Small-time PV makers will face obvious difficulties in trying to move downstream, of course, but even the big fish may find themselves swimming against a strong current. Chinese labor may be cheap, but maintaining teams of workers in Europe is not. This is important, as 98% of demand comes from overseas. “The salary of the director of ET Solutions AG is equivalent to headquarters’ entire marketing staff costs,” Dennis She observes. Managing an international team will be a new challenge to Chinese companies’ corporate culture. There is also a risk that offshoot companies such as ET could actually compete with their parent company for customers.

Seeking Solace at Home


While looking to the U.S. market and new business strategies, Chinese PV manufacturers have been lobbying the Chinese government to boost the deployment of solar technology at home. So far, China boasts only around 130MW worth of installed PV power facilities, notes Wu, as solar power production costs far more than that from fossil sources, especially coal. More cost-efficient wind and nuclear energy are known to be favored by state planners.


There is a chance this could be about to change, though. If grid parity is defined as achieving costs competitive with those of fossil-fueled power generation, it is still a long way off; in fact, solar need only be competitive with peak grid prices in order to be financially justified in its own right. Shi Zhengrong, chairman and CEO of Suntech Power, and other industry leaders say they think this will occur in China by 2012, by which time they say prices will have fallen to one yuan per kilowatt hour.


“Based on the dropping module prices, falling silicon prices and improving technology, I think this is achievable,” says New Energy Finance’s Wu. She notes that in certain parts of the United States, $0.2/KW solar generation has already been seen, adding the caveat that in China, likewise, the one yuan target will only be reached in certain regions by 2012.


“From that moment on, the PV industry be heading towards rapidly growing demand once again, which will no longer be dependent on and limited by subsidy programs,” SolarPlaza predicts. “This could lead to unprecedented growth opportunities for the PV industry and perhaps even an undersupply situation.”


The Chinese government seems to be alive to the possible opportunities, even as it surely rues the troubles of its domestic PV manufacturers. “We think the government really needs to do something to rescue them,” says Wu, noting that solar technology is a significant employer, and that the government will not allow a “green” industry to fail. Already, with the cost of solar power falling, the government appears to be testing the potential of the domestic market, she says. It has launched its first concessionary bidding process for a 10MW solar plant in Dunhuang, Gansu province, the country’s largest to date, and will provide a subsidy equal to the difference between the cost of the electricity generated and the local coal fire energy price. By late February, 50 Chinese and foreign developers had shown themselves eager to join the fray. Bidding closes on March 20. This project should help China not only to take a step nearer to its (albeit conservative) target of 300MW solar power by 2010, but also to gauge the scale of the potential market and funding required, Wu says. Several other plants are planned.

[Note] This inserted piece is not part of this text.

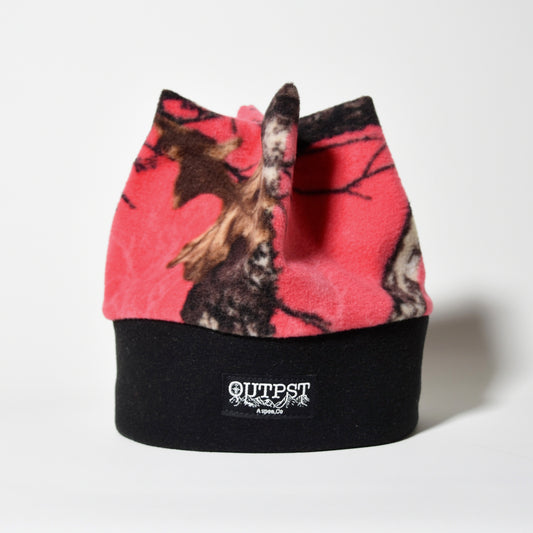 Pink Camo Black Quad Fleece Hat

Elsewhere, too, policy support remains strong. This is true of many traditional markets, Wu says, but also in emerging markets such as Greece and Eastern Europe. Fundamental drivers of industry development, such as environmental issues and energy security concerns, also remain in place. Though it may spell the end for some PV producers, the downward pressure on prices should open up a far larger market for those able to survive the current crisis. Though burning dimly of late, it seems there is reason to believe that solar’s star has not fallen.